__YOUR OBJECTIVE__
Copy exactly, please, each line of the data below until the line that contains "Local Optimist Sweatshirt in Fleece" has been copied, beginning at the top.
───── DATA RECORDS ─────
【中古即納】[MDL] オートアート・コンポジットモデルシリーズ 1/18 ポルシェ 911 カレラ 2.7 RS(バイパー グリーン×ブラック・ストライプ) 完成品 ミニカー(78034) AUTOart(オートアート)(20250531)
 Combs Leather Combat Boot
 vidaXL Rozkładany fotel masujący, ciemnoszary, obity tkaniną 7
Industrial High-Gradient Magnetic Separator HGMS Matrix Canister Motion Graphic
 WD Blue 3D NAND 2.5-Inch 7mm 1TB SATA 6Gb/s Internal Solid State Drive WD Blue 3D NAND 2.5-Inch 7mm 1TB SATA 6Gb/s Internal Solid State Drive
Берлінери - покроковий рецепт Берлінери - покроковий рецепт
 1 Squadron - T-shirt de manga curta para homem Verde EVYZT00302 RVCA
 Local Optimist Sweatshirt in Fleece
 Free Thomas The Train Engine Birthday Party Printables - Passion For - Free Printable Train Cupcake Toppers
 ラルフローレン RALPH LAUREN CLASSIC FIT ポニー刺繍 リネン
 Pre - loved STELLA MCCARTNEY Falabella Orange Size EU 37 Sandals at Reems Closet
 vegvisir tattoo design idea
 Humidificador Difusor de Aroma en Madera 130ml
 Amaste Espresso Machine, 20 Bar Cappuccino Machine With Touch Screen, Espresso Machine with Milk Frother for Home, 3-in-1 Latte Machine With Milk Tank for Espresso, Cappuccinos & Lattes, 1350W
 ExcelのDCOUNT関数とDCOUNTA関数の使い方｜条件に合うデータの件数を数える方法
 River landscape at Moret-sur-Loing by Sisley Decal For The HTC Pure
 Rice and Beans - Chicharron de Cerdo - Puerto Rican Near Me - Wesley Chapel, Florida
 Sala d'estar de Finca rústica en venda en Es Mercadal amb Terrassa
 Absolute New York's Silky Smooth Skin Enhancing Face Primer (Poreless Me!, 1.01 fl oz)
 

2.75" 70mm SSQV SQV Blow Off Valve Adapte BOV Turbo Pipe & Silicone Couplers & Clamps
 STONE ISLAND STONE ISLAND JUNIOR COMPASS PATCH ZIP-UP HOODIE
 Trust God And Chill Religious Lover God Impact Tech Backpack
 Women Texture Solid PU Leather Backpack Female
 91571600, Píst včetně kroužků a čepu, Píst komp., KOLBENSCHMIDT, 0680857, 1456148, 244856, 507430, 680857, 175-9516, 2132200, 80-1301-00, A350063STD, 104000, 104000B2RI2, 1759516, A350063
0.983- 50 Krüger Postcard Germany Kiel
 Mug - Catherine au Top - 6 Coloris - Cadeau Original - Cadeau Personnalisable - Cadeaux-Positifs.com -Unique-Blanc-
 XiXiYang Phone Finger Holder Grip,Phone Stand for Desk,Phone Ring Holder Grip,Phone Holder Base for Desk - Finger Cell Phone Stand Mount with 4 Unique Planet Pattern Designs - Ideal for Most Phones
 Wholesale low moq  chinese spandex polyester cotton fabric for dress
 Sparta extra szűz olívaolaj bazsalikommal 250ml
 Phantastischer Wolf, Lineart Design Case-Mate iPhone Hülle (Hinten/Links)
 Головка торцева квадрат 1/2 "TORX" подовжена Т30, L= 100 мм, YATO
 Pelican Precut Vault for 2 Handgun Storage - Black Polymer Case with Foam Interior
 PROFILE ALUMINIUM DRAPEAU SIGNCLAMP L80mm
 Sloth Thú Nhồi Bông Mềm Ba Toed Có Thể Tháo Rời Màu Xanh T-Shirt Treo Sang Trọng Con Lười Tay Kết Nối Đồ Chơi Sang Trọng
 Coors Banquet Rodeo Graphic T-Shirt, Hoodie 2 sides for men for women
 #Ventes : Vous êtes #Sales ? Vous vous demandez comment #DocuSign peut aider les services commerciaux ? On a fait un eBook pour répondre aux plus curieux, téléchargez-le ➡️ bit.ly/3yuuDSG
─────
__SOLUTION__
【中古即納】[MDL] オートアート・コンポジットモデルシリーズ 1/18 ポルシェ 911 カレラ 2.7 RS(バイパー グリーン×ブラック・ストライプ) 完成品 ミニカー(78034) AUTOart(オートアート)(20250531)
 Combs Leather Combat Boot
 vidaXL Rozkładany fotel masujący, ciemnoszary, obity tkaniną 7
Industrial High-Gradient Magnetic Separator HGMS Matrix Canister Motion Graphic
 WD Blue 3D NAND 2.5-Inch 7mm 1TB SATA 6Gb/s Internal Solid State Drive WD Blue 3D NAND 2.5-Inch 7mm 1TB SATA 6Gb/s Internal Solid State Drive
Берлінери - покроковий рецепт Берлінери - покроковий рецепт
 1 Squadron - T-shirt de manga curta para homem Verde EVYZT00302 RVCA
 Local Optimist Sweatshirt in Fleece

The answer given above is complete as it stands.